What Is SIDS?

Medically Reviewed by Renee A. Alli, MD on July 01, 2021
3 min read

New parents do everything they can to keep their babies healthy. But sometimes, a baby who seems perfectly fine passes away for no clear reason.

When this happens to an infant under the age of 1, doctors refer to it as sudden infant death syndrome, or SIDS. Because it often happens when a baby is asleep, you might also hear it called crib death or cot death.

The fact that it’s so hard to predict makes SIDS the leading cause of death for babies younger than 12 months in the U.S. It claims about 1,600 infants every year.

Doctors aren’t sure, but they have a few ideas. Some babies have a gene or a change to their genes that causes certain health problems that can lead to SIDS.

Other babies are born with problems in the part of their brain that controls breathing, heart rate, blood pressure, temperature, and waking from sleep.

Right now, there’s no way to test for these issues. But researchers found some things that, when put together, raise a little one’s risk:

  • A hidden health problem, like brain defects
  • Being in the first 6 months of life
  • Stress from something like a poor sleep position, secondhand smoke, or a respiratory infection

Remember, none of these by itself is enough to cause SIDS.
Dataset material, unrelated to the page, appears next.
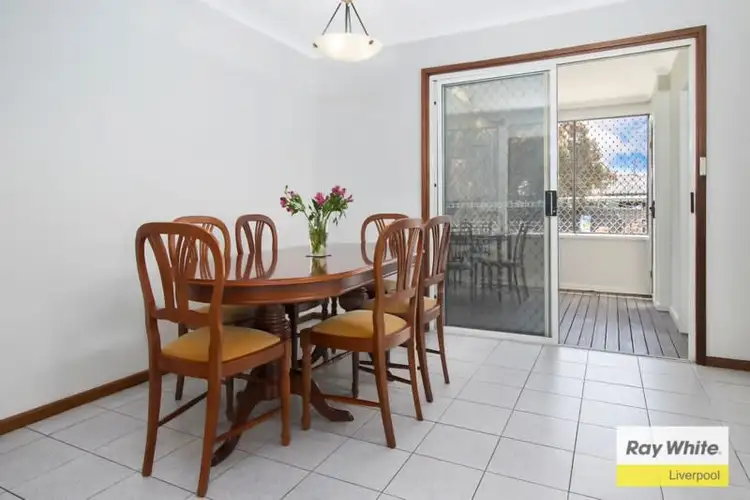 Fourth view of Homely house listing, 59 Alderson Avenue, Liverpool NSW 2170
You can’t predict whether your family will be touched by SIDS, but there are a few things that make it more likely:

Age. It’s most common for babies between 2 and 4 months. But it can happen at any time during the first year of life.

Sex. It’s more likely to affect boys, but only slightly.

Race. It happens most often among African-Americans, Native Americans, and Alaska natives. Doctors aren’t sure why.

Birth weight. It’s more likely in preemies, especially those born very small, than full-term babies.

Familyhistory. A baby’s odds are high if a sibling or cousin passed away from SIDS.

Mom’s health. It’s more likely to happen to a baby whose mother:

  • Is younger than 20
  • Doesn’t get good prenatal care
  • Smokes, uses drugs, or drinks alcohol while pregnant or during baby’s first year


Yes. There are a few easy things you can do to prevent SIDS and keep your little one safe:

Put your baby on their back to sleep. Once they can roll over on their own, it’s safe for them to sleep on their tummy. Until then, remember this phrase: “back to sleep.” It’ll help keep your baby’s odds of having SIDS much lower.

Choose a firm, flat surface for their bed. Use tight-fitting sheets. Keep pillows, blankets, and other objects out of their sleep area until they are at least 1. You can swaddle them for warmth, but only until they learn how to roll over.

Sleep in the same room, but not in the same bed. Sharing a room with your baby can cut their chances in half. But sleeping in the same bed with them raises their odds. Try not to fall asleep while sitting up and holding your baby.

Use a pacifier, vaccinate, and breastfeed if you can. All three lower their risk.

Keep them cool while they are asleep. Don’t overdress them when you put them down. Their room should be cool and comfortable. You can use a special wearable blanket (called a sleep sack) that covers their body and leaves their face uncovered.

Don’t smoke, drink, or use drugs. It’s bad for your growing baby when you’re pregnant. Using drugs and alcohol might even make you a less alert or careful parent. Breathing in secondhand smoke can also raise the odds of SIDS.

Stay healthy during pregnancy. Avoid risky behaviors, eat healthy food, and see your doctor for regular checkups.